Credentialed public health "experts" are just like martial arts styles, fakes and frauds that cannot face real questions that challenge base assumptions.
This was a good read, I highly recommend it.
Some great quotes:
it took team reality 3 months to go from “never looked at this before” to basic parity with public health and in 3 more, it had overrun the discipline.
And later:
the “experts” have had a REALLY bad 2 years. their credentials and lazy appeals to authority did not stand up to the arena. and they stopped wanting to talk to us at all and adopted epithets like “denier” and stances like “the science is settled.”
Where have we seen that language used before?
Oh yea, climate science. Funny, isn't it, how the credentialed always do the same thing when the amateurs pull their fancy pants down to their ankles?
There's been a definite black belt inflation over time, not helped by the normal American habit of basically grabbing the black belt and saying 'I'm done' and then bragging about it years later.

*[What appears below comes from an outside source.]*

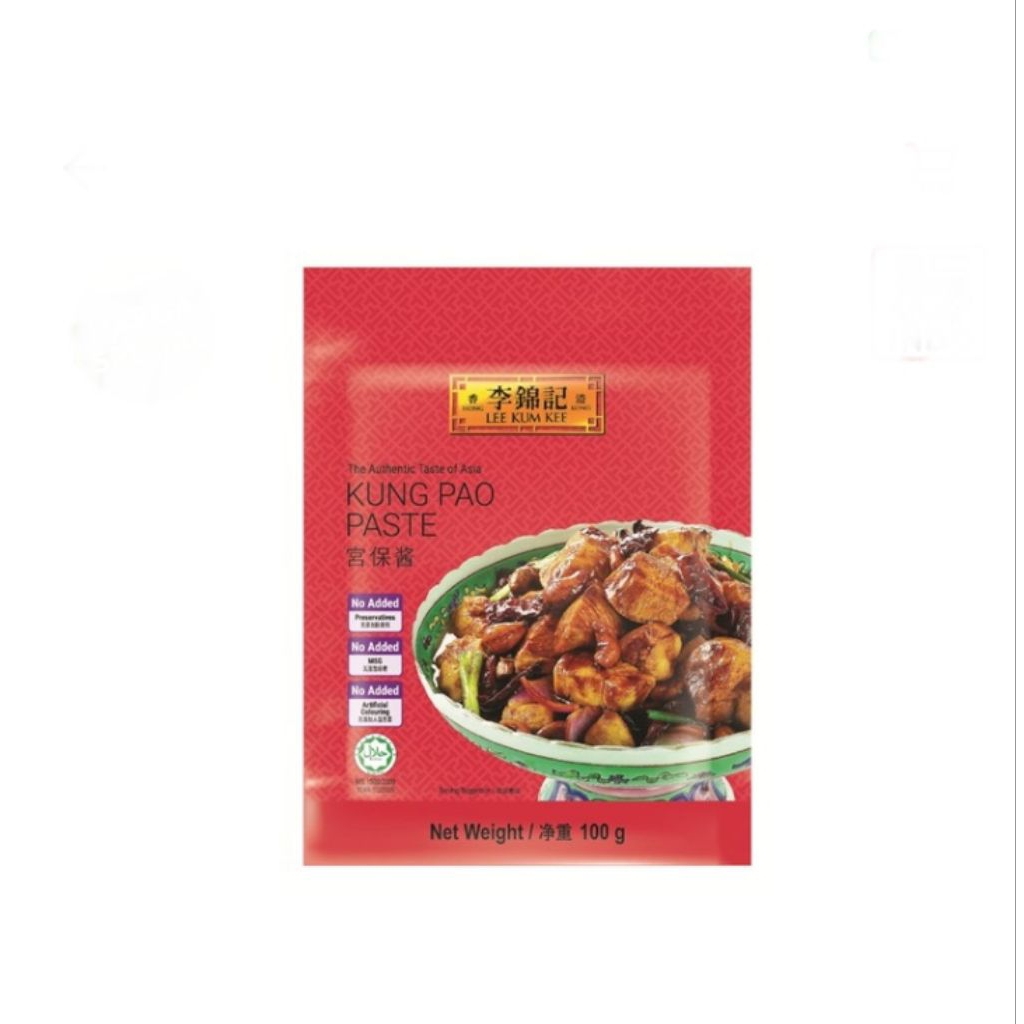 

Lee Kum kee kung Pao paste pack 100 gr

It's always interesting to listen to my Sensei and all the older guys in the dojo make critiques of current trends of passing/failing for black belts.
There's also the problem that different karate styles have different rules for sparring. I forgot which style in particular is the one that doesn't allow for head-punches in sparring... but kicking them in the head is perfectly fine? And this is one of the primarily Japanese styles, keep in mind - either Shito-ryu or Goju-ryu, I forget which.
Bringing this back to OP's article, this is one of the issues with comparing various combat styles - they all have different rules of what's allowed. You throw someone unfamiliar with the rules into a ring that benefits their opponent and declare their style 'fake' when they don't instantly win? C'mon.